* [DIRECTIONS FOR THIS TASK] Print out the data below in full and exactly, skipping the pictures.

[Opening INFORMATION PROVIDED section]

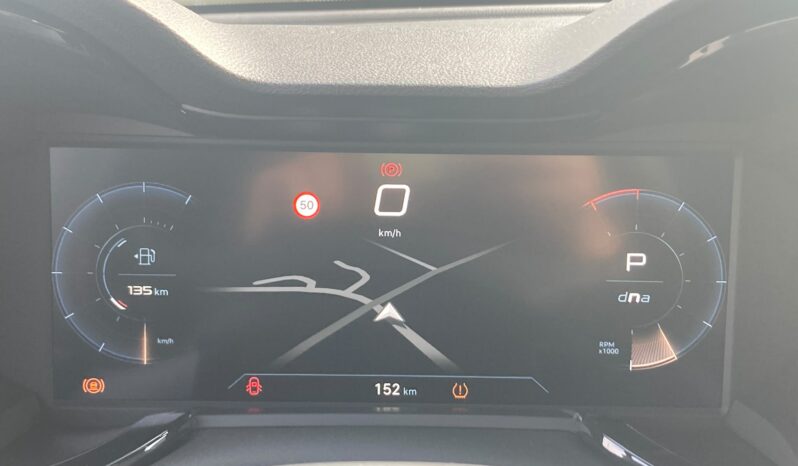 
 Alfa Romeo Junior 1.2 ibrida Ti 145cv edct6 full									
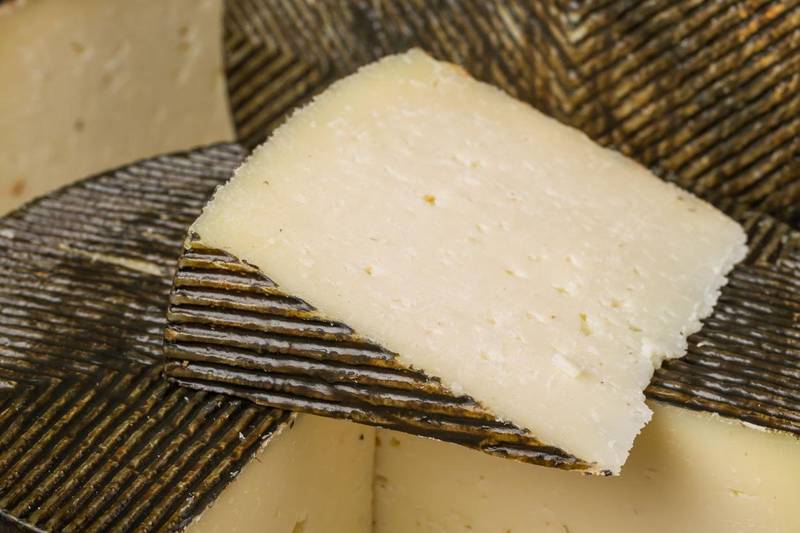 Le Manchego AOP 6 mois monmarché.fr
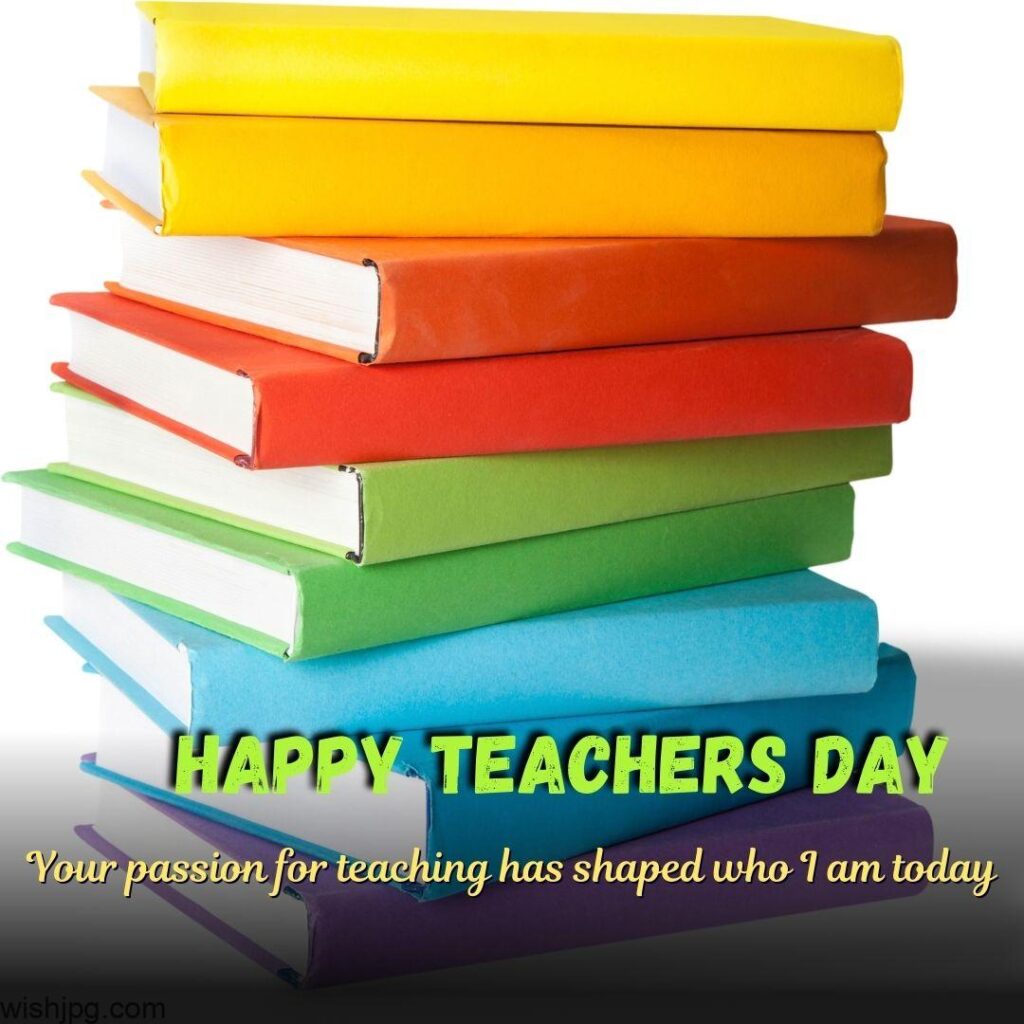 14 Teachers Day Wishes in English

[Closing INFORMATION PROVIDED section]

* [ANSWER BOX]
 Alfa Romeo Junior 1.2 ibrida Ti 145cv edct6 full									
 Le Manchego AOP 6 mois monmarché.fr
 14 Teachers Day Wishes in English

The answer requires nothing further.